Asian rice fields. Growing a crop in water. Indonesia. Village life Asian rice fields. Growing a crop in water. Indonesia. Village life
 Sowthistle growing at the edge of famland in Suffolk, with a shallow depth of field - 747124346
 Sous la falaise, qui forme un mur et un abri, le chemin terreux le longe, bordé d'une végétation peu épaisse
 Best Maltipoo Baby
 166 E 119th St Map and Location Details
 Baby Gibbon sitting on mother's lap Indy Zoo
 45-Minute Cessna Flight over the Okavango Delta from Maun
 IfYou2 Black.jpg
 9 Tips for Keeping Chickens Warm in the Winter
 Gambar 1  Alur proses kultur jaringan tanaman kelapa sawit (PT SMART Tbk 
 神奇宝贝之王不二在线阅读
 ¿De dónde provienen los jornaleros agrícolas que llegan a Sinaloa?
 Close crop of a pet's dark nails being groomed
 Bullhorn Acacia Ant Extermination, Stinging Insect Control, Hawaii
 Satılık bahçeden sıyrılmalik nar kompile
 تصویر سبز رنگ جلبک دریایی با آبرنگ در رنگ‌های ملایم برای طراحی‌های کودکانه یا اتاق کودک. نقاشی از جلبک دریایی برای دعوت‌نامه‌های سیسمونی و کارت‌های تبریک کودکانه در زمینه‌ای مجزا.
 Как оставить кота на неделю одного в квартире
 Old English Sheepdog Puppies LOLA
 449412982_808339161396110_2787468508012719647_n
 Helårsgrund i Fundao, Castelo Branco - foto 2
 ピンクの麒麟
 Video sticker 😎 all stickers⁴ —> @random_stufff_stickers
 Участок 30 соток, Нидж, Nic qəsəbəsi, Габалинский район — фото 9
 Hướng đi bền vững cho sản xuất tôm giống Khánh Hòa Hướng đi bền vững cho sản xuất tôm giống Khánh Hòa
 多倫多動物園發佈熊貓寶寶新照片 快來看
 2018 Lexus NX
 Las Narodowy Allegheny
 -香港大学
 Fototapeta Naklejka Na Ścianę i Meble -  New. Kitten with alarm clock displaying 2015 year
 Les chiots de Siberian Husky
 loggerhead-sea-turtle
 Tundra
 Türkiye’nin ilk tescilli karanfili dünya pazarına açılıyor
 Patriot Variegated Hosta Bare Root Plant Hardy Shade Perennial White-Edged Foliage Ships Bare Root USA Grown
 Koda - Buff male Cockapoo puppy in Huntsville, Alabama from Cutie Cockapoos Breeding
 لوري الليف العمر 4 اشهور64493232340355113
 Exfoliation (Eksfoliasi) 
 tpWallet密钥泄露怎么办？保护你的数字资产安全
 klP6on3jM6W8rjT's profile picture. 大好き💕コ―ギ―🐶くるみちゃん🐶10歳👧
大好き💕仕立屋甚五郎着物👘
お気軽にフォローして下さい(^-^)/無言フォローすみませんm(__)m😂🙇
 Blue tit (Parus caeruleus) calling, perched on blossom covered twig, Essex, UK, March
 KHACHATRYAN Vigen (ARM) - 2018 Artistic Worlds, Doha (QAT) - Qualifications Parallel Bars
+++++
Assignment
Only the number is wanted here. How many lines in the entries contain "crop"?

Output of the exercise
2